Türkiye`de yıllardır bizzat iktidar eliyle hayata geçirilen ve birbirinden ayrı olması gereken eğitim alanı ile inanç alanları birbirine karıştırılmaktan vazgeçilmelidir. Eğitim Sen olarak, çocuklarımızın siyasi iktidarın kendi siyasal-ideolojik hedeflerine ulaşmak için kullanılmasına sessiz kalmamız mümkün değildir. Anasınıfı öğrencilerinin camiye götürülmesi basit bir ziyaret olmayıp, iktidarın "dindar nesil yetiştirme" uygulamalarından birisidir. Eğitim sisteminde "tek din, tek mezhep" yaklaşımına dayanan bütün uygulamalara son verilmeli, halkın dini duyguları hiçbir kişi ya da kurum tarafından asla istismar edilmemelidir.
Sason`da anasınıfı öğrencileri cami gezisine götürülmek istenirken, "Erzincan İmam Hatip Mensupları ve Mezunları Derneği" tarafından, MEB`e bağlı okulların 5. Sınıfında okuyan öğrencilere bir anket uygulayarak, okudukları okullarda imam hatip sınıfları açılmasını onaylayıp onaylamadıklarını sormuştur.
2014-2015 eğitim-öğretim yılından itibaren Türkiye`nin her yerinde normal ortaokullar içinde imam hatip sınıflarının açıldığı bilinmektedir. İmam hatip okullarına yeterli başvuru olmamasına rağmen, normal okullar içinde imam hatip sınıfları açılması uygulaması gerek öğrenciler gerekse veliler tarafından kaygı ile karşılanmakta ve böylesi dayatmalara karşı öğrenci velileri çeşitli eylemler yapmaktadır.
Erzincan`da 5. Sınıf öğrencilerine uygulanan anket ile ülke çapında fiilen hayata geçirilen ve hiçbir yasal dayanağı olmayan normal okullarda imam hatip sınıfların açılması uygulamasının, önümüzdeki dönemde daha da yaygınlaştırılmak istendiği anlaşılmaktadır.
Eğitimde 4+4+4 dayatması sonrasında fiziki donanım ve altyapı sorunları olmayan okulları imam hatibe çeviren MEB, seçmeli din dersleri uygulamaları, okulda mescit açılması zorunluluğu ve 5. Sınıftan itibaren kız öğrencilerinin başını örtmesi gibi uygulamaları ile bütün okulları fiilen imam hatibe çevirmekle yetinmemektedir. Öğrencileri imam hatiplere yönlendirmek için hazırlandığı çok açık olan böyle bir anketin bakanlığın bilgisi dışında okullarda uygulanması mümkün değildir. Erzincan`da uygulanan bu anket, MEB`in öğrencileri imam hatiplere yönlendirmek istediğinin somut belgesidir. Eğitim sistemini ve okulları dini kurallara göre düzenleme uygulamaları, siyasi iktidarın yıllardır "arka bahçesi" olarak gördüğü imam hatip okullarına yönelik "pozitif ayrımcılık" her fırsatta karşımıza çıkmaktadır.
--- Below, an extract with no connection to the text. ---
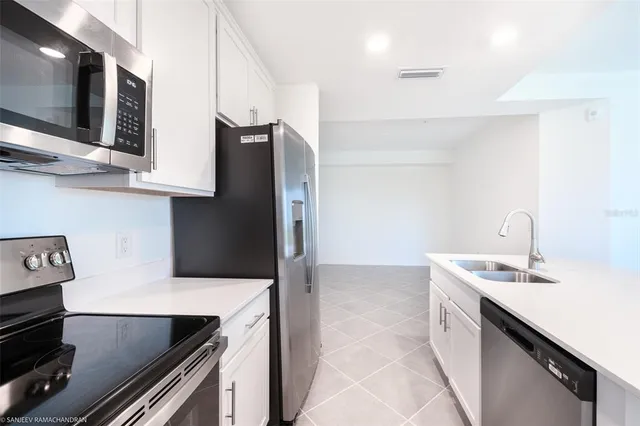 a kitchen with stainless steel appliances granite countertop a sink and a stove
Eğitim Sen Milli Eğitim Bakanlığı`na çağrımız, Türkiye`de her konuda ve her alanda yaşanan ayrımcı uygulamaların, en azından toplumun geleceğinin şekillendiği okullarımızda yapılmaması, eğitimde hiçbir şekilde böylesi yönlendirmelere izin verilmemesidir. Türkiye`de hiçbir okul türü diğerlerine göre ayrıcalıklı olmamalı, bakanlık politika geliştirirken ve bu politikaları uygularken tüm öğrencilere, öğretmenlere ve eğitim kurumlarına eşit mesafede yaklaşmalıdır.